!!! Oracle-based Optimizer

The Oracle-based Optimizer is a hypothetical PorcE dynamic optimizer which uses an oracle which provides information about tasks (including future tasks).
The oracle can provide at least the following information:
* The dependencies of a task
* The time a task will take to execute
* The number of times a specific task will be spawned
The goal is to prevent the oracle from subsuming the optimizer by directly answering questions about the best optimization choices.
Instead, the oracle provides precise information about tasks that could be measured if we neglect the fact the task hasn't run yet.
In addition these optimizers do not make any attempt to reduce the overhead of the optimizer and recompilation itself.
They assume the optimizer and compiler and magical like to Oracle.

This optimizer will serve as a goal on the horizon, but a real implementation will need to approximate the oracle using efficiently measurable data and assumptions.

''Note:'' Optimizer parameters that may need tuning or may need to be computed from the runtime environment are written in {{{monospaceCamelCase}}}.

!! Current Optimizer (as of Nov 2017)

Given access to the oracle the current spawn optimizer would make decisions as follows:
When a task is about to be spawned, if the task will take more than {{{threshold}}} nanoseconds then spawn it, otherwise inline it into the spawner.

This has turned out not to work particularly well because it will inline small tasks (there by delaying the spawner) even if the task will be called repeatedly.
This sequentializes the program entirely which almost always hurts performance a lot.

!! Batching Optimizer

This optimizer attempts to combine small tasks into batches and avoids sequentializing by running multiple batches in parallel.

When a task may be scheduled the optimizer collects all the ''similar'' tasks (meaning tasks which have the same implementation but potentially different environments or parameters) which are not dependent on each other.
This provides a set of similar tasks which can be executed concurrently.
* If the total execution time of all the tasks is less than {{{inlineThreshold}}} then each task is individually inlined into its spawn site. This handles inlining sequential chains of tasks as well as inlining very fast independent tasks where the overhead of spawning even a single batch out weighs the advantage of parallel execution.
* Otherwise, the set of tasks is divided into a set of batches such that there are at most {{{numberOfBatches}}} batches and each batch takes at least {{{minimumBatchTime}}} seconds. Then each batch is spawned as a macro-task. {{{numberOfBatches}}} is probably based on the number of available processors. This case handles cases of wide fan-out from both publications into branch and recursive functions which call a single task repeatedly (such as map). It partitions the tasks across processors in much the same way as parallel collections libraries. Note that this case will also applies to single long task spawns; with a batch size of 1.

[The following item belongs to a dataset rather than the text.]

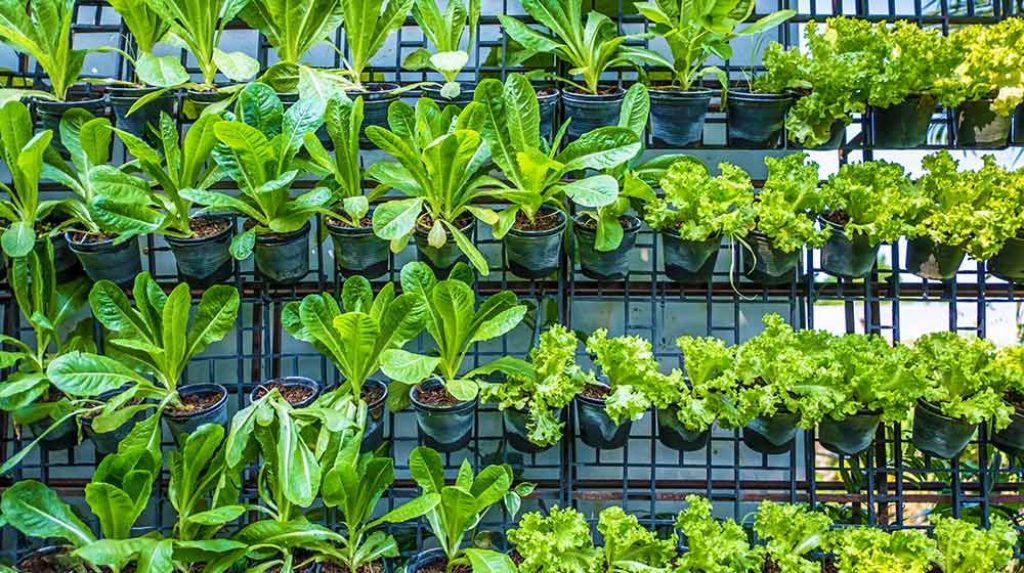 Example of a set-up with vegetables for vertical gardening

This optimizer is effectively making 2 decisions: Should the task be inlined, and if not, how should the tasks be collected into efficient batches.
It would be possible to inline the execution of a batch, but it is highly unlikely to improve performance since it would require building the batch data structures even if there was no spawn.

! Latency
It is possible for this optimizer to delay a task so it can be put in batch that will not exist for a significant amount of time. 
This doesn't affect the untimed Orc semantic correctness, but it ''does'' affect timed Orc semantic correctness.
To address latency the optimizer could take into account the amount of time between the first spawn in each batch and the last and make sure batches are at least a certain length.
More specifically, the optimizer would collect a set of independent similar tasks as above, but would only include tasks which can be reached by a critical path shorter than {{{additionalLatencyLimit}}} seconds.
This will bound the latency and therefore bound the magnitude of the timed semantics violations.

! Nested Parallelism
This optimizer may not handle nested parallelism well since the batching and spawning decisions are made for every set of similar tasks independently.
Ideally parallelism should be introduced as soon as there is enough parallelism available to fully utilize the processing resources and then no new parallelism should be introduced after that point to avoid overhead.
With ideal batching, no spawning is ever needed within a batch since all batches will run for the same amount of time.
However, even with perfect knowledge, batching is not always ideal since their may not be enough tasks to utilize all resources: either because there is no enough work to overcome the overhead for a large number of processors, or because there are simply not as many tasks as processors.
If we take into account non-ideal batching we will need to somehow keep track of how much parallelism has been utilized and for how long and then only create new parallelism to fill the gap.

! System Load Sensitivity
The optimizer could respond to system load by changing the amount of parallelism it maintains.
This would require monitoring system CPU utilization and then generating parallelism to fill only unused or under-used CPUs ''and'' tracking when ~PorcE expects it's own utilization to drop.
This last part is required so that estimates do not treat ~PorcEs own utilization (event the dependencies of the current task) are treated as in use CPU.
Effectively, ~PorcE would need to track how many CPUs are in use by non-~PorcE tasks and would not try to fill those CPUs.

Overall, this seems like it might be of limited usefulness, but it might provide a much more efficient implementation or complement to {{{nice}}}.